- [ACTION ITEM]:
Among the lines below, a stretch begins at the one with "Isle of Grain" and ends at the one with "Men’s 10M Stacy Adams loafer.". Repeat that stretch exactly, ends included.

(Web page caption snippets)
━━━━

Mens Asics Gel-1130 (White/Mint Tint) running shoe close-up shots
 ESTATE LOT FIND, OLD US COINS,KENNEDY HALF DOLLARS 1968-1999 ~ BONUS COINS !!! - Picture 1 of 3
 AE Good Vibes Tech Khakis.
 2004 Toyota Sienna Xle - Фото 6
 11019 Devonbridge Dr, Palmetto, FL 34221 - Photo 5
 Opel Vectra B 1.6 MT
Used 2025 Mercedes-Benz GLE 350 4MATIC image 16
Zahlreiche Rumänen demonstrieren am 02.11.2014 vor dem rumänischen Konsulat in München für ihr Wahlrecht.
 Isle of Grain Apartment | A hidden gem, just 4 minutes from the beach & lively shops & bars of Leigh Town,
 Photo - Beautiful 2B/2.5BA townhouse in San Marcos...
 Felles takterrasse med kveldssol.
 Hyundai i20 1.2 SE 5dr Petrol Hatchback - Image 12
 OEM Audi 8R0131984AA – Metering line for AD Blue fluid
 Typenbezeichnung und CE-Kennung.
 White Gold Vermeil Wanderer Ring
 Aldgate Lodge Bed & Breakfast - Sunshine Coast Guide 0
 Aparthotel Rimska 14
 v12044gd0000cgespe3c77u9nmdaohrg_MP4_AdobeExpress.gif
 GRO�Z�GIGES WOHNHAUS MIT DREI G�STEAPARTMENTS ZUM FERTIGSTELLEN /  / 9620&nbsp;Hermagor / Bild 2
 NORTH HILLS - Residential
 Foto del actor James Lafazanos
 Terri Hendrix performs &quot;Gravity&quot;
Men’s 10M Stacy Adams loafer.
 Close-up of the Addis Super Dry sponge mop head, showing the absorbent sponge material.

━━━━

- [YOUR RESPONSE]:
 Isle of Grain Apartment | A hidden gem, just 4 minutes from the beach & lively shops & bars of Leigh Town,
 Photo - Beautiful 2B/2.5BA townhouse in San Marcos...
 Felles takterrasse med kveldssol.
 Hyundai i20 1.2 SE 5dr Petrol Hatchback - Image 12
 OEM Audi 8R0131984AA – Metering line for AD Blue fluid
 Typenbezeichnung und CE-Kennung.
 White Gold Vermeil Wanderer Ring
 Aldgate Lodge Bed & Breakfast - Sunshine Coast Guide 0
 Aparthotel Rimska 14
 v12044gd0000cgespe3c77u9nmdaohrg_MP4_AdobeExpress.gif
 GRO�Z�GIGES WOHNHAUS MIT DREI G�STEAPARTMENTS ZUM FERTIGSTELLEN /  / 9620&nbsp;Hermagor / Bild 2
 NORTH HILLS - Residential
 Foto del actor James Lafazanos
 Terri Hendrix performs &quot;Gravity&quot;
Men’s 10M Stacy Adams loafer.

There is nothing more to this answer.